TASK OBJECTIVE:
Repeat the records in full. No pictures belong in the copy.

INPUT RECORDS:
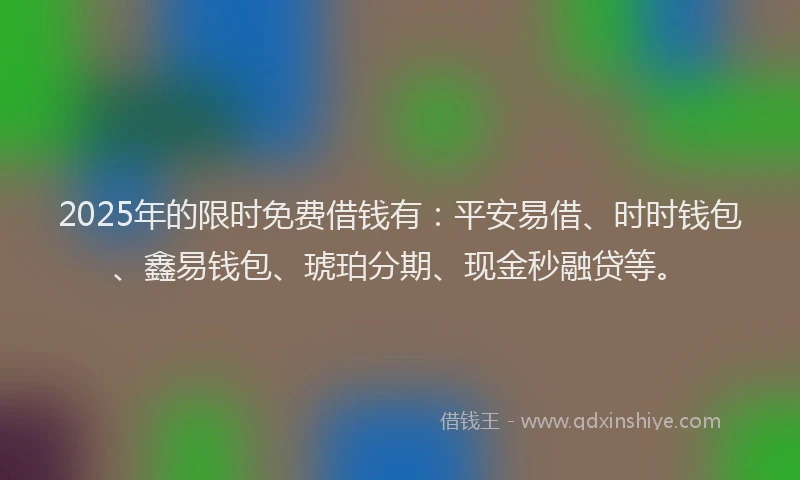 2025年的限时免费借钱有：平安易借、时时钱包、鑫易钱包、琥珀分期、现金秒融贷等。
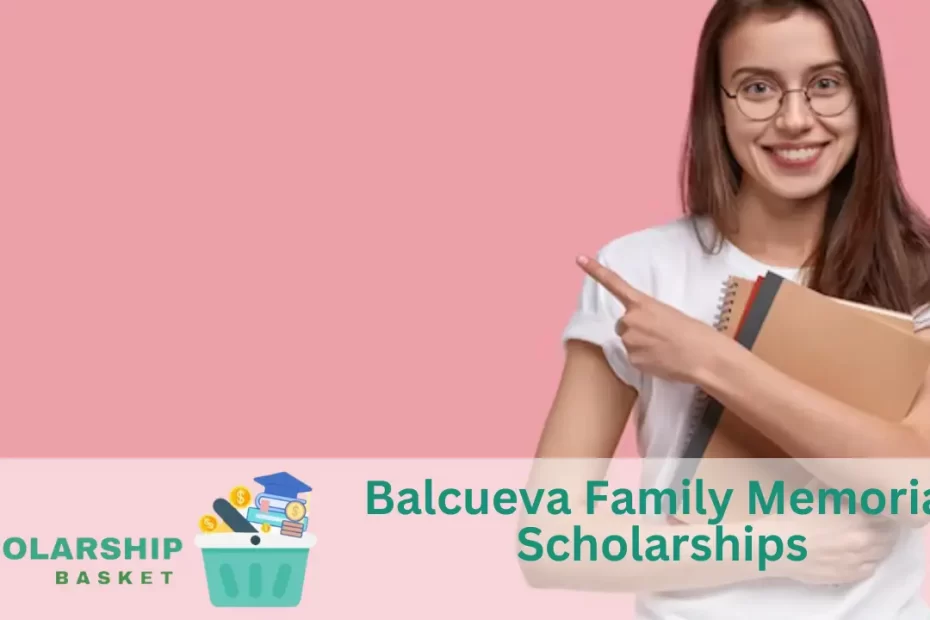 Balcueva Family Memorial Scholarships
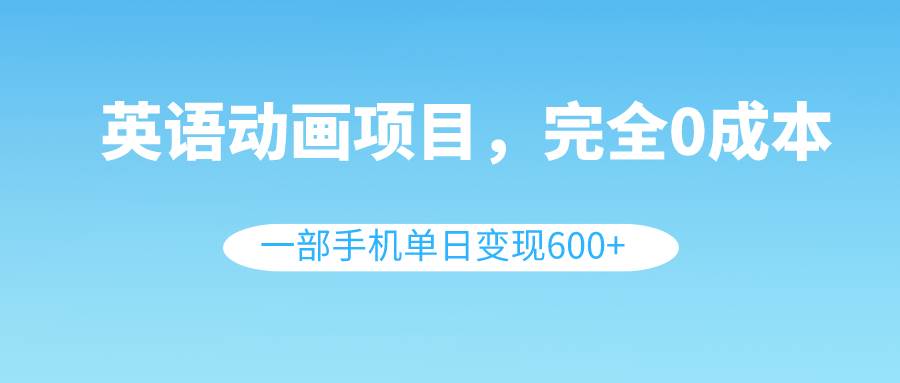 英语动画项目，0成本，一部手机单日变现600+（教程+素材）瀚萌资源网-网赚网-网赚项目网-虚拟资源网-国学资源网-易学资源网-本站有全网最新网赚项目-易学课程资源-中医课程资源的在线下载网站！瀚萌资源网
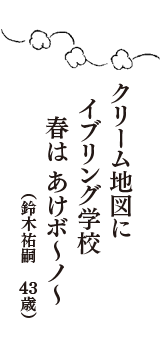 クリーム地図に　イブリング学校　春は あけボ～ノ～　（鈴木祐嗣　43歳）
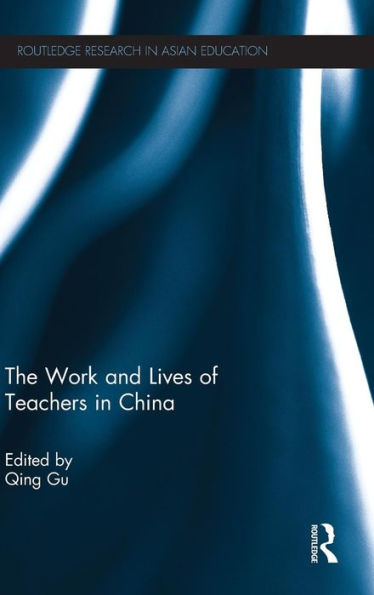 The Work and Lives of Teachers in China / Edition 1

RESULT OF THE TASK:
 2025年的限时免费借钱有：平安易借、时时钱包、鑫易钱包、琥珀分期、现金秒融贷等。
 Balcueva Family Memorial Scholarships
 英语动画项目，0成本，一部手机单日变现600+（教程+素材）瀚萌资源网-网赚网-网赚项目网-虚拟资源网-国学资源网-易学资源网-本站有全网最新网赚项目-易学课程资源-中医课程资源的在线下载网站！瀚萌资源网
 クリーム地図に　イブリング学校　春は あけボ～ノ～　（鈴木祐嗣　43歳）
 The Work and Lives of Teachers in China / Edition 1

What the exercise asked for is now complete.